I'm excited about the potential of this project to merge the elegance of Arabic calligraphy with the power of modern AI. Any feedback or contributions to further enhance RoboKhutt are welcome!
- Text-to-Image Generation: Convert Arabic text into stunning calligraphic images.
- Customizable Styles: Supports various calligraphy styles and fonts.
- Incremental Learning: Starts with individual characters and scales up to words and sentences.
- High-Quality Output: Utilizes state-of-the-art diffusion models to ensure visually appealing results.
graph TD
A[Root Directory] --> B[diffusion]
A --> C[data_processing.py]
A --> D[img_utilities.py]
A --> E[lang_utilities.py]
A --> F[model_inference.py]
A --> G[model_training.py]
B --> H[context_unet.py]
B --> I[dataset.py]
B --> J[diffusion_model.py]
B --> K[model_blocks.py]
B --> L[utilities.py]
The UNet architecture in the ContextUnet implementation consists of multiple layers, forming a characteristic "U" shape. It starts with an initial convolution block, followed by three downsampling layers, a bottleneck layer, and then proceeds with four upsampling layers to restore the spatial dimensions of the input image.

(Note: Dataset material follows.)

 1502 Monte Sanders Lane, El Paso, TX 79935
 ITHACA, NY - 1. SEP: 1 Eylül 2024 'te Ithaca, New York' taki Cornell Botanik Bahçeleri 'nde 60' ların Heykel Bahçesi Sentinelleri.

Embedding layers are also included to incorporate time and context information.
-
Initial Convolution: (Blue)
init_conv: ResidualConvBlock (3, 64) - Applies initial convolution with residual connections to capture basic features.
-
Downsampling Path (Encoder): (Green)
down1: UnetDown (64, 128) - Reduces spatial dimensions while increasing the feature depth to capture more complex features.down2: UnetDown (128, 256) - Further reduces spatial dimensions and increases feature depth for deeper feature extraction.down3: UnetDown (256, 512) - Deepest downsampling layer capturing the most complex and abstract features.
-
Bottleneck Layer:
to_vec: AvgPool2d + GELU (512, 512) - Compresses the feature maps into a vector, maintaining critical information for upsampling.
-
Embedding Layers: (Red)
timeembed1: EmbedFC (1, 512) - Embeds the time information into a 512-dimensional vector.timeembed2: EmbedFC (1, 256) - Further embeds the time information into a 256-dimensional vector.contextembed1: EmbedFC (n_cfeat, 512) - Embeds context features into a 512-dimensional vector.contextembed2: EmbedFC (n_cfeat, 256) - Further embeds context features into a 256-dimensional vector.
-
Upsampling Path (Decoder): (Yellow)
up0: ConvTranspose2d + GroupNorm + ReLU (512) - Begins upsampling, reversing the compression while adding normalization and activation.up1: UnetUp (512, 256) - Upsamples and combines with corresponding encoder features to refine the image details.up2: UnetUp (256, 128) - Further upsampling and refinement, progressively increasing spatial dimensions.up3: UnetUp (128, 64) - Final upsampling layer, restoring the image to near original spatial dimensions.
-
Output Convolution: (Purple)
out: Conv2d + GroupNorm + ReLU + Conv2d (128, 3) - Final convolution to produce the 3-channel RGB output, with normalization and activation for final adjustments.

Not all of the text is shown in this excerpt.